Narcissa tressaillit. Mettre Lucius à l'épreuve ? Qu'est-ce que cela pouvait bien signifier ? Ah, si seulement Narcissa avait eu la force d'étrangler l'énorme cou de Piscus Crabbe...

Orion s'éclaircit la gorge et prit la parole :

– Maître, j'ai moi-même quelqu'un d'autre à vous recommander.

– Oui, nous voulions vous parler de mes f.… commença Crabbe.

– Non, je ne parlais pas de tes fils, Crabbe.

– Pardon ? Orion, nous avions convenu...

– J'ai trouvé quelqu'un qui, je pense, sera tout à fait au goût du Seigneur des Ténèbres... Bien plus que tes deux lourdauds de fils.

– Mais j'en suis ravi, Orion, dit Voldemort d'une voix douce. C'est une excellente nouvelle.

Piscus Crabbe s'empourpra, furieux que son soi-disant allié se retourne contre lui et ajoute un concurrent à la compétition qui existait déjà entre Lucius et ses propres fils.

– Oui, Maître, il vous plaira, j'en suis certain, assura Orion. Il est en tout point comparable à Lucius, croyez-moi... Le courage en plus.

– Et quand aurais-je le plaisir de le rencontrer ?

– Oh, mais... D'un instant à l'autre. Il est en chemin. Je me suis permis...

– Tu as bien fait.

Comme pour confirmer les dires d'Orion, quelqu'un frappa à la porte.

– Ce doit être lui !

Et avec autant d'assurance que s'il se trouvait dans sa propre demeure, Orion pointa sa baguette vers la porte.

Ianua aperio ! Entre, entre, mon fils, nous parlions justement de toi !

Affolée, Narcissa descendit quelques marches d'escaliers, afin de voir l'ensemble du hall d'entrée. Orion, Piscus Crabbe et Voldemort se tenaient au milieu de la pièce et lui montraient leurs dos, tournés vers la porte d'entrée qui venait de s'ouvrir. Et c'est avec un saisissement presque maternel que Narcissa vit apparaître son cousin Regulus, qu'elle n'avait pas vu depuis des mois.
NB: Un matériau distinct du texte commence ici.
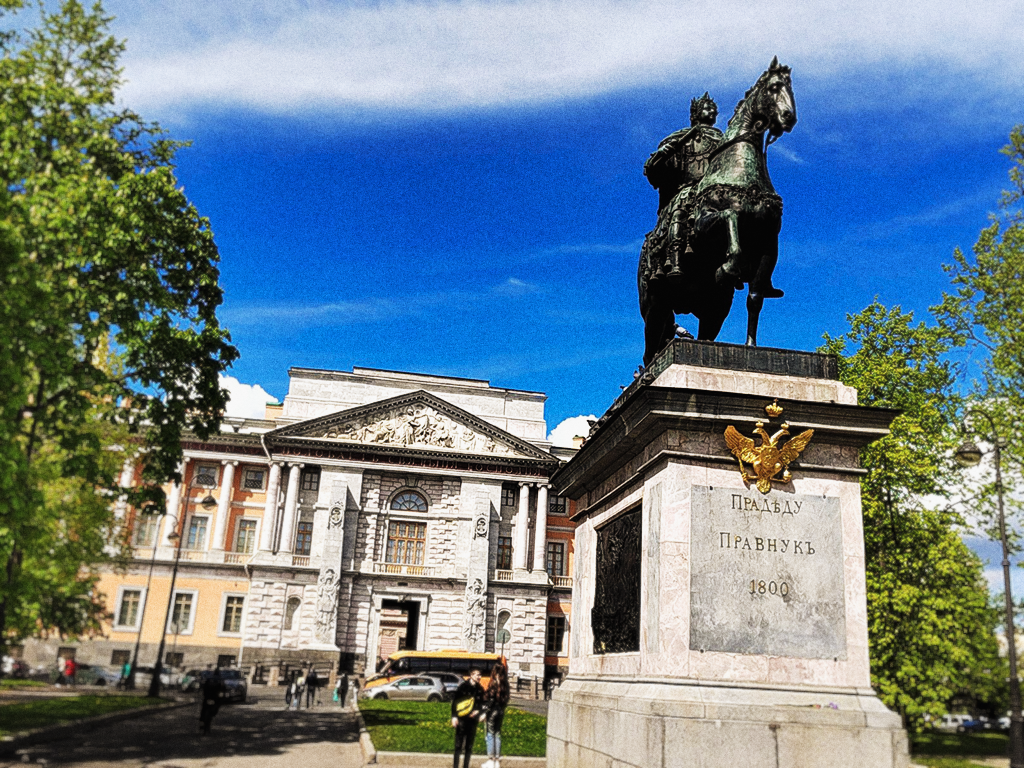 Памятник Петру I — бронзовый конный монумент Петру Великому, установленный перед Михайловским замком в Санкт-Петербурге. Первый конный монумент в истории русского искусства, созданный итальянским скульптором на русской службе Бартоломео Карло Растрелли.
Son visage d'enfant était en train de se métamorphoser à une vitesse stupéfiante : ses joues rebondies avaient disparu, la douceur de ses traits s'était estompée, sa mâchoire était devenue plus anguleuse. Il ressemblait un peu plus à Sirius qu'auparavant, et avait les mêmes yeux gris ; mais il avait le teint plus pâle, le visage plus émacié et ses cheveux, au lieu d'être naturellement bouclés comme ceux de son frère, étaient seulement légèrement ondulés. Il portait toujours le même veston de velours vert aux bordures argentées et d'élégantes bottes de cuir, dans lesquelles il semblait un peu à l'étroit.

Il retint un sursaut quand il aperçut Lord Voldemort à quelques mètres de lui, et sa voix trembla lorsqu'il s'inclina devant lui :

– Le... Le Seigneur des Ténèbres, bredouilla Regulus. Je suis Regulus Arcturus Black... pour vous servir.

Le visage de Voldemort resta neutre pendant qu'il détaillait Regulus de la tête aux pieds.

– Relève-toi, mon garçon... Tu me sembles bien jeune. Quel âge as-tu ?

– Je viens d'avoir quatorze ans, Maître.

– Quatorze ans, répéta Voldemort avec lenteur. Tu es donc encore plus jeune que ma première élève, lorsqu'elle m'a rejoint.

– Si vous parlez bien de ma cousine Bellatrix, c'est elle qui m'a parlé de vous, dit précipitamment Regulus. C'est elle qui m'a convaincu de vous rejoindre. Et... elle m'a aussi donné quelques leçons de magie noire.

Une expression indéchiffrable passa sur le visage de Lord Voldemort.

– Je devrai donc la remercier de t'avoir mené jusqu'à moi, dit-il simplement.

Orion observait l'échange avec un air réjoui, tandis que Piscus Crabbe fulminait.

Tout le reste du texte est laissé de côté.